Each concentric elliptical `barrel' section (layer) was divided into 13 elliptical strata of nodes separated vertically, and each stratum was specified by 24 'nodes' around the circumference. Interconnections (elements) within strata and between nodes in each stratum formed a triangular mesh. Although each element was straight, the nodes described a curved path for each muscle slip (Figure 1). The muscle layers were represented by 11 slips, and each slip consisted of between 2 and 12 straight-line elements between adjacent nodes. The numbers slips and elements were chosen to represent adequately the complex volume and curved geometry of these muscles. The contractile elements were either circumferential (to represent transversus abdominis muscle), or longitudinal (to represent rectus abdominis muscle), or helical (to represent the internal and external oblique muscles). Non-contractile elements were considered to be passive elastic elements representing connective tissue (fascia, etc.). Additional radial elements having high stiffness joined the concentric barrel sections. The radial elements were needed to maintain the 10 mm separation between the midlines of the three muscle layers, while transmitting the contact forces between them. For each abdominal wall muscle, each of the eleven slips was assigned one eleventh of the total physiological cross sectional area (PCSA) consistent with muscle volumes given by Stokes and Gardner-Morse [1999]. PCSA is the muscle volume divided by its length, and provides a measure of the average cross-sectional area and hence the force generating potential of a non-pennated muscle. The active muscle force in each muscle was constrained to have a value between zero and its PCSA multiplied by maximum stress equal to 0.46 MPa [Stokes and Gardner-Morse 2001].
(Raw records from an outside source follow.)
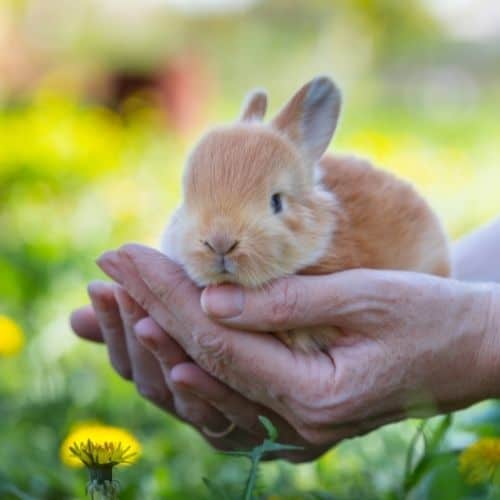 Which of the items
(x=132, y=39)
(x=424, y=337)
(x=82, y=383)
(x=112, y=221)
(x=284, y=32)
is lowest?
(x=424, y=337)

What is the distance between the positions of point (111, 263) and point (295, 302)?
51cm

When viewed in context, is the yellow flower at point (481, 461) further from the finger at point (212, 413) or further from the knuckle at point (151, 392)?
the knuckle at point (151, 392)

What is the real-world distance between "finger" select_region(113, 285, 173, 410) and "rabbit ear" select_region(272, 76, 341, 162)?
65cm

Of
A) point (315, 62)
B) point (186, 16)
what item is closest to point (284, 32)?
point (186, 16)

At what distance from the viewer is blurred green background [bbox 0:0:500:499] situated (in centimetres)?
337

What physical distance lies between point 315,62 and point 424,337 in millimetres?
9852

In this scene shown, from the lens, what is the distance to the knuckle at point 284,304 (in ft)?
7.97

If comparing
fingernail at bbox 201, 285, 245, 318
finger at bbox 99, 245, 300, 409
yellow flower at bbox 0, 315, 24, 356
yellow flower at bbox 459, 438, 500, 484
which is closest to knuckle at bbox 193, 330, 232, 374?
finger at bbox 99, 245, 300, 409

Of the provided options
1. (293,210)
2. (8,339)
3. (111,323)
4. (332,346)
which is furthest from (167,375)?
(8,339)

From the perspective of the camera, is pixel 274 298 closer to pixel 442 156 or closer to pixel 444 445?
pixel 444 445

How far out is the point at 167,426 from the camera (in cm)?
392

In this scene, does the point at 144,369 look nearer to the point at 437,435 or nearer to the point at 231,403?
the point at 231,403

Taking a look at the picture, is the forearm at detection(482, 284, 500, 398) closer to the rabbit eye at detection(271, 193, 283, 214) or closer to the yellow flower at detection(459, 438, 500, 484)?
the yellow flower at detection(459, 438, 500, 484)

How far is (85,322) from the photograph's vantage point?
3096 millimetres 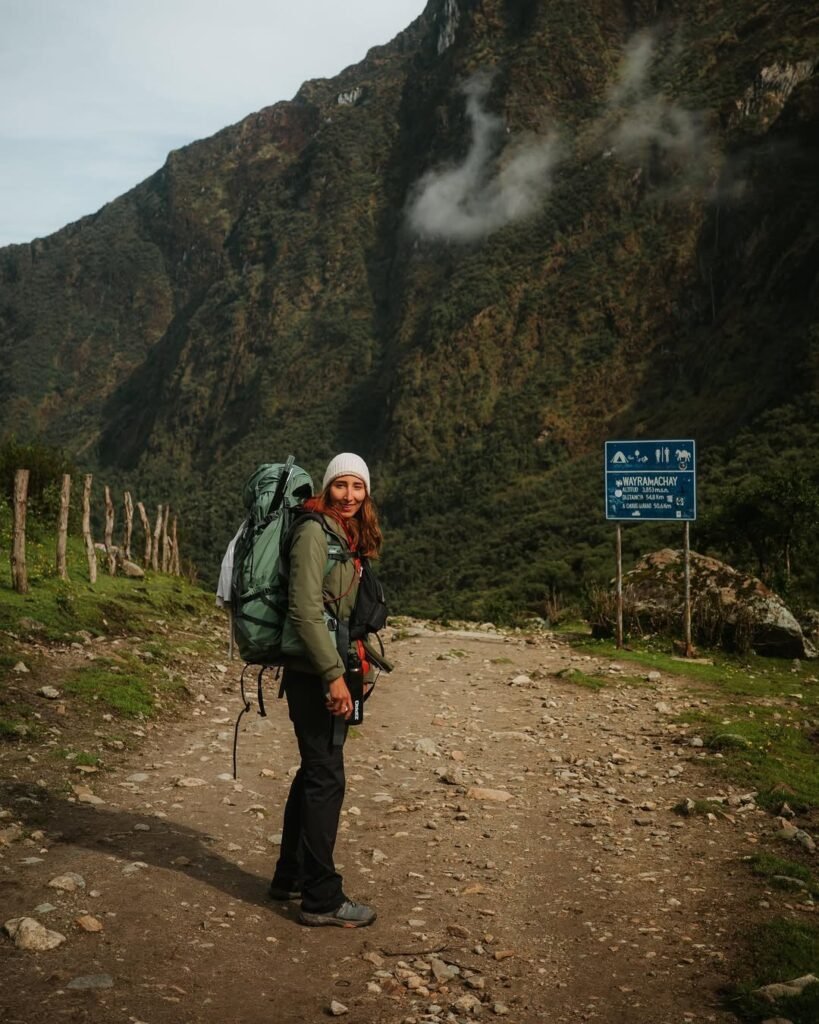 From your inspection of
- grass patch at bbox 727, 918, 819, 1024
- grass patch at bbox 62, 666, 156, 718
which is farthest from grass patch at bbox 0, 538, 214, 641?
grass patch at bbox 727, 918, 819, 1024

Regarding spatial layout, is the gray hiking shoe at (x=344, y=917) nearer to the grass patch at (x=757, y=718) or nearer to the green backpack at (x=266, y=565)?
the green backpack at (x=266, y=565)

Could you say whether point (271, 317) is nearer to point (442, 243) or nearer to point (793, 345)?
point (442, 243)

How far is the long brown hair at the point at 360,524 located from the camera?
4785mm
Each muscle element was represented as a force generator, in parallel with a spring. The spring had an activation-dependent and constant component. The activation-dependent stiffness of each muscle was equal to a modulus multiplied by the degree of activation (between zero and one) and the muscle's cross-sectional area, and divided by its length [Bergmark 1989]. The modulus was equal to the maximum muscle stress (0.48 MPa), as derived from the form of the Hill's model length-tension relationship [Winters 1990]. The constant (passive) modulus was set to one tenth of the maximum muscle stress (hence passive stiffness was one tenth of the active stiffness at maximum activation, as an approximation of the length tension relationship of muscle, partitioned into active and passive components). The transverse connections between muscle slips, and the passive elastic elements representing fascia were assigned the same modulus as the passive muscle stiffness when in compression, and 100 times this value when in tension. The cross-sectional areas of these transverse muscle elements and the fascia corresponded to that of the muscle slips of internal oblique (the intermediate muscle layer). The sensitivity of the spinal compression forces to different values of muscular stiffness was evaluated empirically.
In the analyses, a value of intra-abdominal pressure was pre-specified as either 5 kPA or 10 kPa. The forces generated by the IAP acted on each node of the innermost abdominal layer. First, the forces were calculated for each triangular section of the abdominal wall, (pressure multiplied by triangle area) and then distributed between the three nodes forming that triangle. In addition to acting radially on the nodes of the inner-most muscle layer, the intra-abdominal pressure also produced upwards force on the diaphragm, and a downwards force on the pelvis. This force was calculated as the pressure multiplied by the area of the polygon formed by the nodes on the upper and lower elliptical surfaces (27600 mm2). The diaphragm was considered to be rigid (isometric) and attached to a rigid thorax, hence details of its structure and deformations were not included in the analyses.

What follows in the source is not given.